Ce hors-les-murs sera aussi le choix du SLM. « On veut faire déborder l’événement, et que ceux qui n’aiment pas le Salon puissent le retrouver ailleurs, dans la centaine d’activités qui se feront un peu partout dans la ville — à la libraire Saga, au Cabaret chez Mado, Au Livart. Il faut que plus de conversations autour des livres se créent, dans les lieux attendus et d’autres qu’on n’attend pas pantoute. Si un boulanger pendant le SLM se mettait à parler de son livre préféré en emballant la baguette de son client, pour moi, ce serait une victoire. »
Small is beautiful
Tous les salons du livre, comme celui de Rimouski, se font plus petits. L’entrée, ce week-end, y était gratuite. Au Centre des congrès de l’hôtel Rimouski, le SLR a loué la moitié de la salle qu’il loue habituellement. « On a cette année 80 auteurs.
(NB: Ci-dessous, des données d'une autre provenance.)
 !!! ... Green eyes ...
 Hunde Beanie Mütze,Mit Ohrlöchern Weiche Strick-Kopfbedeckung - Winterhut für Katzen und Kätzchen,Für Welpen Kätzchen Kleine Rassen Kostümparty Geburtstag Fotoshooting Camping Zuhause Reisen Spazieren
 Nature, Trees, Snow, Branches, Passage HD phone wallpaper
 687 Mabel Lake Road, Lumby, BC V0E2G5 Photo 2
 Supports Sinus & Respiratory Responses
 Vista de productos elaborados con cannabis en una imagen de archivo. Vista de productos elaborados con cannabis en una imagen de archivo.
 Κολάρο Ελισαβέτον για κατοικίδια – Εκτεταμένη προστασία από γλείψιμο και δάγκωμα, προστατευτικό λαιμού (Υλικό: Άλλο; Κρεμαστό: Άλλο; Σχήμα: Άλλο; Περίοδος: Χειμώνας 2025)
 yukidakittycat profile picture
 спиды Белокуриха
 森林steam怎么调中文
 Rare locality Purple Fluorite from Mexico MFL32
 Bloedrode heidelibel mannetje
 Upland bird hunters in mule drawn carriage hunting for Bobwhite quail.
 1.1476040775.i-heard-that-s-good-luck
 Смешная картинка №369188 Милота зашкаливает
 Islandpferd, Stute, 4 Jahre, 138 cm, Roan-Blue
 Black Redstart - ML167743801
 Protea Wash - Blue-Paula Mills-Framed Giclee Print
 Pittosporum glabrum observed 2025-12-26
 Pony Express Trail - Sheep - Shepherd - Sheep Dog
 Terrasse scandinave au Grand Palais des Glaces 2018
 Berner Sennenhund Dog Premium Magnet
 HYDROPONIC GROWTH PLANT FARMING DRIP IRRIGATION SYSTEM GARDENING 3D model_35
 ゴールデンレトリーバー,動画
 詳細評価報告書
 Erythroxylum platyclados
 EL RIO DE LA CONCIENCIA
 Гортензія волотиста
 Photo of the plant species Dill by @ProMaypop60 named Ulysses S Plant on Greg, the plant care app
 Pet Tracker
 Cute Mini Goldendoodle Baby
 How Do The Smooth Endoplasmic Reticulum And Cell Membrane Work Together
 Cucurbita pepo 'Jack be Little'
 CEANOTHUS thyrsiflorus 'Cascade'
On a peu de stands — une douzaine seulement. »
À cause des mesures sanitaires. Et parce que les distributeurs ADP, Prologue et Dimedia, qui souvent représentent les éditeurs dans les salons, ont décidé en 2021 de ne pas faire ceux des régions. « Ils prennent pas loin de 50 % d’une surface de SLR normal », selon M. Doucet. Pour pallier ce manque, Rimouski « a choisi de travailler avec les libraires de la région, comme des commissaires : ils ont créé huit îlots thématiques : poésie, essais, roman, polars, etc. Ce sont eux qui préparent l’espace. Pour le visiteur, il va y avoir des exposants, et plusieurs livres et auteurs, surtout régionaux. »
Gestion d’énergie
Ces gros distributeurs seront au Salon du livre de Montréal. « C’est un enjeu, relancer les salons du livre », admet Benoît Prieur, directeur général de l’Association des distributeurs exclusifs de livres en langue française. « L’énergie que ça demande est la principale problématique. On manque de ressources humaines, et il en faut beaucoup pour participer, réserver des stocks de livres, les déplacer, etc. Pour Montréal, tout le monde accepte de se retrousser les manches, même si ça va être difficile, poursuit M. Prieur. Personne ne remet les salons du livre en question : à moyen terme, on sait qu’on en aura besoin. C’est un formidable outil de promotion pour parler directement au public. »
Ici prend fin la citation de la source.